*REQUIRED WORK:*
From the material below, retype exactly the lines that begin at the line with "Photo of property" and end after the line with "122 - Beswick"; pictures stay out of the copy.
[RECORDS FOR THE TASK — start]
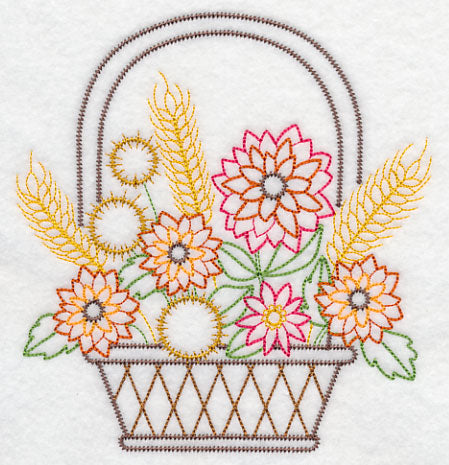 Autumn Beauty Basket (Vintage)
[RECORDS FOR THE TASK — finish]
[RECORDS FOR THE TASK — start]
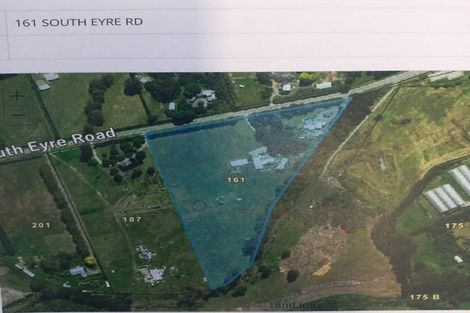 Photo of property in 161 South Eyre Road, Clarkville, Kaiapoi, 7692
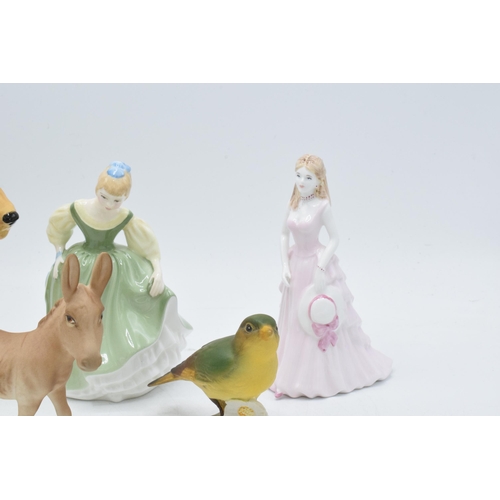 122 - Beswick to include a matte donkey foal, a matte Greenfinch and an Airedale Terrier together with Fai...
[RECORDS FOR THE TASK — finish]
*ANSWER SECTION:*
 Photo of property in 161 South Eyre Road, Clarkville, Kaiapoi, 7692
 122 - Beswick to include a matte donkey foal, a matte Greenfinch and an Airedale Terrier together with Fai...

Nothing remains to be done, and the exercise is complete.